You are viewing a plain text version of this content. The canonical link for it is here.
Posted to commits@pulsar.apache.org by zh...@apache.org on 2020/10/12 07:16:52 UTC

[pulsar] branch branch-2.6 updated: [C++] Fix some pending requests may never complete when broker's down (#8232)

This is an automated email from the ASF dual-hosted git repository.

zhaijia pushed a commit to branch branch-2.6
in repository https://gitbox.apache.org/repos/asf/pulsar.git


The following commit(s) were added to refs/heads/branch-2.6 by this push:
     new bf83b1b  [C++] Fix some pending requests may never complete when broker's down (#8232)
bf83b1b is described below

commit bf83b1b29dcb77a740b27d9ab2369fdf78b1d4b4
Author: Yunze Xu <xy...@163.com>
AuthorDate: Mon Oct 12 15:14:39 2020 +0800

    [C++] Fix some pending requests may never complete when broker's down (#8232)
    
    Fixes #8230
    
    ### Motivation
    
    When `ClientConnection` calls `close`, some promises of pending request were not completed.

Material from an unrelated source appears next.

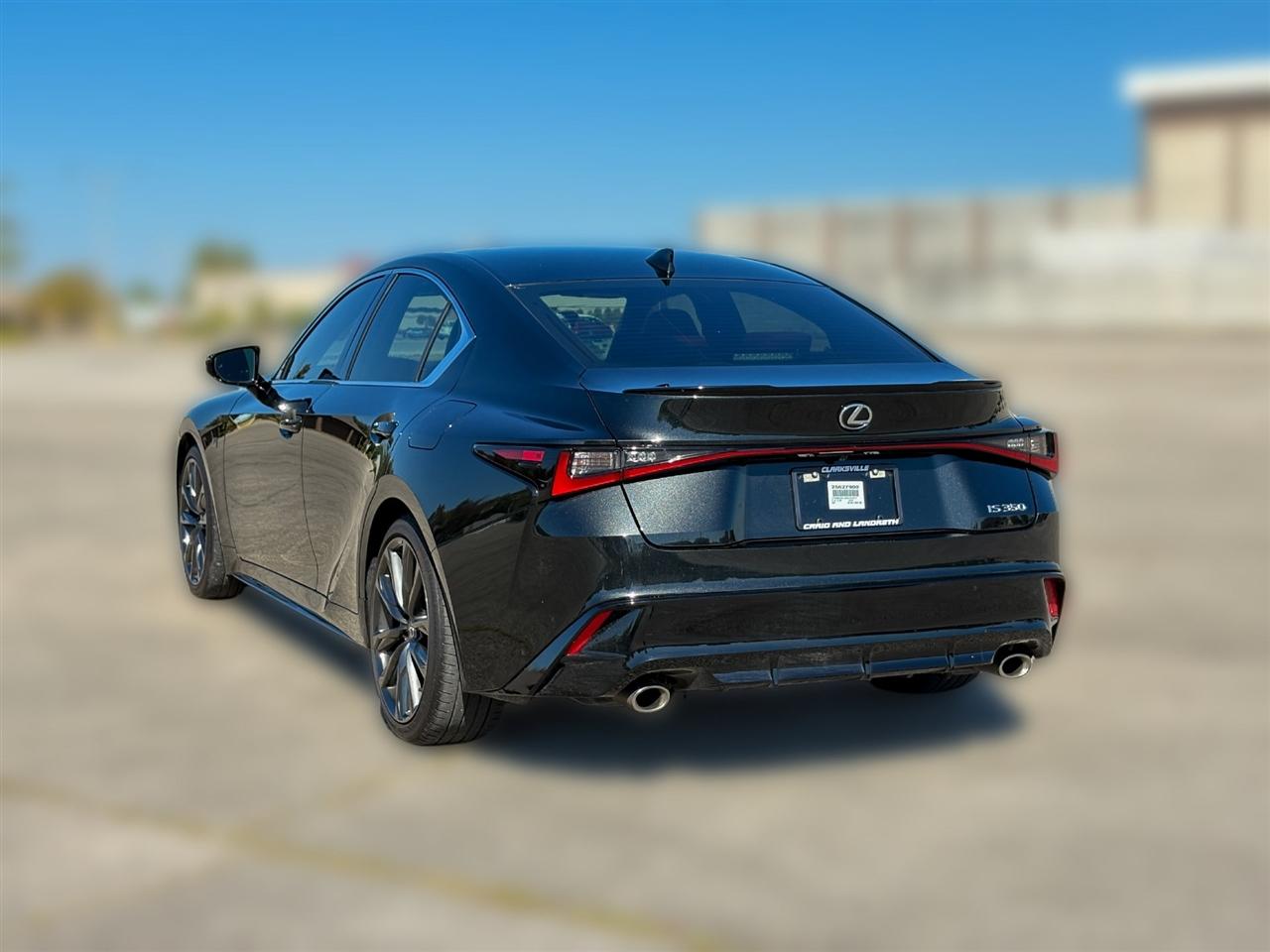 Lexus IS  2025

It may cause some methods that wait for promise become completed never return, like `Reader::hasMessageAvailable`.
    
    ### Modifications
    
    - Complete `GetLastMessageId` and `GetNamespaceTopics` requests in `ClientConnection::close`.
    - Refactor `ClientConnection::close`, use move instead of swap to process some fields outside the lock section.
    - Add error log before connection was closed by read error.
    
    ### Verifying this change
    
    Try to reproduce #8230 , `Reader::hasMessageAvailable` would return `ResultConnectError` if broker was killed by force.
    (cherry picked from commit 5e60775fcf607be202641a45166c5d8781e3de87)
---
 pulsar-client-cpp/lib/ClientConnection.cc | 72 +++++++++++++++----------------
 1 file changed, 35 insertions(+), 37 deletions(-)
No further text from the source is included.